Type 1 diabetes (T1D) is caused by autoimmune destruction of insulin-producing pancreatic beta-cells. Nonobese diabetic (NOD) mice develop spontaneous T1D and have been used extensively to study the genetic and pathogenic mechanisms of this autoimmune disease. Recently, a diabetogenic role of interleukin (IL)-21 has emerged, and higher levels of this cytokine were shown to be expressed by NOD mice compared to the T1D resistant strains. IL-21 is produced by CD4 T cells and its contribution to T1D is in part through its ability to support the survival and function of diabetogenic CD8 T cells that directly kill pancreatic beta-cells. NOD mice have an age dependent accumulation of IL-21+ CD4 T cells in islets. Importantly, NOD mice genetically rendered IL-21-deficient are completely resistant to the development of insulitis and diabetes. Interestingly, NOD islet IL-21+ CD4 T cells have a unique phenotype distinct from that of typical Th17 and Tfh CD4 T cell effector subsets known as the main IL-21 producers. Consistent with a diabetogenic function of IL- 21 in NOD mice, available evidence also supports its role in human T1D. Significantly higher levels of circulating IL-21+ CD4 T cells and IL-21 protein were found in subjects with beta-cell autoimmunity than in healthy controls. How IL-21+ CD4 T cells emerge and accumulate during the progression of T1D in both NOD mice and humans remains largely unknown and therefore deserves further investigation. More than 50 loci have been associated with human T1D by genome wide association studies (GWAS). One of the top risk genes is PTPN22. The human PTPN22 risk allele modulates T cell functions and promotes T1D when introduced into NOD mice. Notably, PTPN22 deficiency on the non-autoimmune prone C57BL/6 mouse strain background has been associated with a higher frequency of Tfh CD4 T cells and their enhanced production of IL-21. Addressing whether PTPN22 regulates diabetes development through modulating the differentiation states of islet IL-21+ CD4 T cells in NOD mice will provide a better understanding of the genetic control of T1D. Our hypothesis is that the ability of beta-cell autoreactive CD4 T cells to produce IL-21 represents a unique differentiation state that is modulated by Ptpn22 variants. We propose the following aims to test this hypothesis.

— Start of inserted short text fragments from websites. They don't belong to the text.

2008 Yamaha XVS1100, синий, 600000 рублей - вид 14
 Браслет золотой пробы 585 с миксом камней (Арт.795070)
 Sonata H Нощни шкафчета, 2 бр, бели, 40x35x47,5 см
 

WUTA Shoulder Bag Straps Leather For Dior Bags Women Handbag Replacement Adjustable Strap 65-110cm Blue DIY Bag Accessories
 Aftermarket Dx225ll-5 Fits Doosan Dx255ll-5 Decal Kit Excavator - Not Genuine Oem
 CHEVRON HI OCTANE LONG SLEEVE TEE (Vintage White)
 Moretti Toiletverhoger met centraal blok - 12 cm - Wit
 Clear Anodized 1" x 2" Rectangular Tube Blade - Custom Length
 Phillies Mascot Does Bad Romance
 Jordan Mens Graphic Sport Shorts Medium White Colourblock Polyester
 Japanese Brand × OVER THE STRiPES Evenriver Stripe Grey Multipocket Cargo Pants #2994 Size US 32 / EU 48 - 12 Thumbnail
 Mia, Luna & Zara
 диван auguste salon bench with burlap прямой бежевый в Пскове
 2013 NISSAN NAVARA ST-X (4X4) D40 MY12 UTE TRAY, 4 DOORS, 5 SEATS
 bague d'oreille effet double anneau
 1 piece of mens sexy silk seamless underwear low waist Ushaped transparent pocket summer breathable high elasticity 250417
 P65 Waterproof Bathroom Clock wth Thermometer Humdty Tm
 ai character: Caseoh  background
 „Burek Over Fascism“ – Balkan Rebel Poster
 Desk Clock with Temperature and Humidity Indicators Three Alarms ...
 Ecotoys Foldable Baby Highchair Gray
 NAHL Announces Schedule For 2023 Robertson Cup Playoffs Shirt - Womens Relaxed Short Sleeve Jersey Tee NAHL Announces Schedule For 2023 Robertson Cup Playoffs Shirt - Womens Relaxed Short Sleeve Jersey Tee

Aim 1. To define the differentiation state of islet-infiltrating IL-21-expressing CD4 T cells by identifying their transcriptional networks using single-cell RNA sequencing.
Aim 2. To determine the effects of Ptpn22 variants on the differentiation of islet-infiltrating IL-21-expressing CD4 T cells.
IL-21 contributes to the breakdown of immune tolerance leading to T1D development. The goal of the current application is to combine novel genetic engineering and single cell analysis to further understand the differentiation of IL-21-expressing CD4 T cells. Results will broaden our knowledge of the genetic basis of T1D and potentially facilitate the design of therapeutic strategies.